Published: 21 March 2006

Abstract

Introduction

BRCA1 and BRCA2 mutation carriers are at increased risk for developing both breast and ovarian cancer. It has been suggested that carriers of BRCA1/2 mutations may also be at increased risk of having recurrent (three or more) miscarriages. Several reproductive factors have been shown to influence the risk of breast cancer in mutation carriers, but the effects of spontaneous and therapeutic abortions on the risk of hereditary breast cancer risk have not been well studied to date.

Methods

In a matched case-control study, the frequencies of spontaneous abortions were compared among 1,878 BRCA1 mutation carriers, 950 BRCA2 mutation carriers and 657 related non-carrier controls. The rates of spontaneous and therapeutic abortions were compared for carriers with and without breast cancer.

Results

There was no difference in the rate of spontaneous abortions between carriers of BRCA1 or BRCA2 mutations and non-carriers. The number of spontaneous abortions was not associated with breast cancer risk among BRCA1 or BRCA2 mutation carriers.
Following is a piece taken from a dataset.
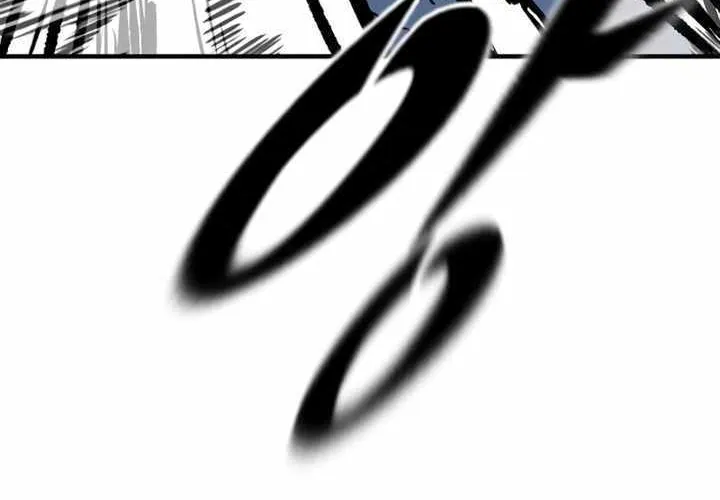 Hectopascal Zinmanga X Chapter 62 Page 23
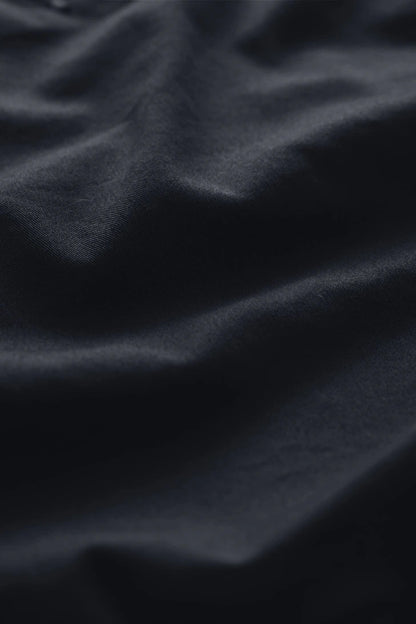 Chino shorts Navy blue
However, BRCA2 carriers who had two or more therapeutic abortions faced a 64% decrease in the risk of breast cancer (odds ratio = 0.36; 95% confidence interval 0.16–0.83; p = 0.02).

Conclusion

Carrying a BRCA1 or BRCA2 mutation is not a risk factor for spontaneous abortions and spontaneous abortions do not appear to influence the risk of breast cancer in carriers of BRCA1 or BRCA2 mutations. However, having two or more therapeutic abortions may be associated with a lowered risk of breast cancer among BRCA2 carriers.